Motivation

SPH is a continuum particle method that is often used for simulations. Typically, the most time consuming part of codes that aim to perform SPH simulations, is finding the pairs of SPH particles that are within a fixed-cutoff of each other (the pair-search step from herein), and calculating the contribution to particles’ motion, due to its corresponding pair (the force calculation sweep step from herein).
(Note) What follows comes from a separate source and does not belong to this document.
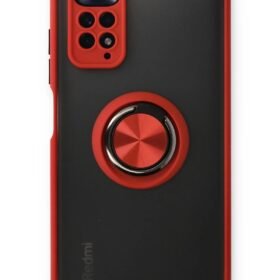 Xiaomi Redmi Note 11 Kılıf Montreal Yüzüklü Silikon Kapak - Kırmızı-(5796)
These steps can be combined together when organising the code, but it’s useful to seperate them when needing to re-use the pair list.

The pattern that the force calculation sweep looks like, can be illustrated with code (in C++) to calculate the rate-of-change of density due to the continuity equation (drho/dt = div(v)):

for (int k = 0; k < num_pairs; ++k) {
    i = pair_i[k];
    j = pair_j[k];

    dvx = vx[i] - vx[j];
    dvy = vy[i] - vy[j];
    dvz = vz[i] - vz[j];

    vcc = mass*(dvx*dwdx[k] + dvy*dwdy[k] + dvz*dwdz[k]);

    drhodt[i] += vcc;
    drhodt[j] += vcc;
}

where v_ stores the velocity of each particle in x, y, and z directions; drho_dt stores the rate of change of density; and dwd_x stores the spatial gradient of the kernel function in the x, y, and z directions.

This pattern is not automatically vectorized by compilers, due to the non-sequential memory access pattern in the algorithm. Consequently, I wanted to invetigate manually vectorizing this loop, to see if I could reduce run times.

x86 CPUs have a long list of assembly instructions that can be accessed in C/C++ via Intel’s SIMD Intrinsics.

Platform #

Everything on this page is run on the following platform:

CPU: Xeon Gold 6342 CPU (Icelake)
OS: CentOS 7
Compiler: g++ v10.3.0

Code is benchmarked with the Google microbenchmark framework